What made your experience unique?

Its location, without any doubt. Luang Prabang is located on the Mekong river and the trees are lush; it's truly magical. I fell in love.

How did local staff support you throughout your program? 

The local staff were really amazing. On my arrival day, someone was there to pick me up and bring me to my hostel. They gave me insightful advice for my stay in Luang Prabang. Each Sunday and each Wednesday, we held a meeting to talk about what went really good and what went a bit less good. They organized a lot of stuff for us: Lao lessons to learn basic vocabulary and how to teach English as a foreign language, but also more cultural activities. I was lucky to be in Luang Prabang during the festival of the light too. The staff invited us to typical activities, such as going to chanting at a local temple and making a khartong to send off on the Mekong river. The staff was also there to comfort us when needed; they were our second family during our stay, along with the other volunteers.

What's one thing you wish you would have done differently?

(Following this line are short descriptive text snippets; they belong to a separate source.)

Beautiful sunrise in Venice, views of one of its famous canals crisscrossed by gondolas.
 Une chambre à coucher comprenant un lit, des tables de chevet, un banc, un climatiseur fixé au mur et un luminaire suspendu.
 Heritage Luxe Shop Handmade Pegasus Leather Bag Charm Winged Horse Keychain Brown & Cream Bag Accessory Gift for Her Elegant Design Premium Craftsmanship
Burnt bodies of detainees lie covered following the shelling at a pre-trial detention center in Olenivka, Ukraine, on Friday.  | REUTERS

The only thing I regret is not staying any longer. It was pure happiness being there with the other volunteers who quickly became really good friends. Another thing I would have done differently is managing my money. There are no banks, only ATM's, and the rate is really high when getting money out. But don't blame me because when you see the shops at the night market, you'll understand me!

Volunteers in Laos in the mountains

Other volunteers who quickly became really good friends

Describe a day in the life of your program.

I had two classes everyday. One class in the morning and one in the evening. My first class in the morning was at 8:30 a.m. when I taught young Buddhist novice monks. When we got back from classes we had to lesson plan for the next day with our colleagues. There were two volunteers per class, which made it even more fun. For example, I was better at writing than my colleague and she was better at singing, so we just needed to find a good balance, which we did. The evening class was just down the road and was a class of approximately 20 students aged from 17 and 18. After classes, we were free. We wandered around the city, relaxed a lot, and enjoyed the (sometimes way too) high temperatures.

What was your favorite thing to do on your free time?

It's nearly impossible to list only one favorite activity. There are lots of things to do in and around Luang Prabang. Each day there is a night market down the main street, so that was one of our favorite activities to do. During the day we also went for fruit shakes, which were delicious! We also went visiting an elephant camp during a weekend, which was pretty unreal! We got to take the elephants for a walk, then bring them to the jungle where they sleep, and the next morning take them back and give them a little shower. We also went to the different waterfalls around Luang Prabang, such as Kuang Si Waterfalls and Tae Say Waterfalls. Mostly we just relaxed at the house or went for a stroll along the Mekong River.

Volunteer teacher with class of novice buddhist monks in Laos

With my class

What type of accommodation did you have? What did you like best about it?

All the volunteers stayed at Villa Merry 2, a villa hold by a lovely woman named KK. There was a staff who cooked for us and cleaned our room every Saturday. I was privileged because I got my own room with a double bed and private bathroom; other volunteers had to share a room with another volunteer and share a bathroom. I really loved the atmosphere; it was our little cocoon during our stay. It quickly became “home” for the four weeks I stayed in Luang Prabang.

Now that you're home, how has volunteering abroad impacted your life? 

I changed a lot. I realized, once more, that you do not need to have a lot of things in your life to be happy. I also learned a lot about myself, by going to Luang Prabang on my own without knowing what would happen or without knowing anyone. As a person who really lacks self-confidence, I can say I'm pretty proud of myself for making that decision. I'll be forever grateful for my time in Luang Prabang.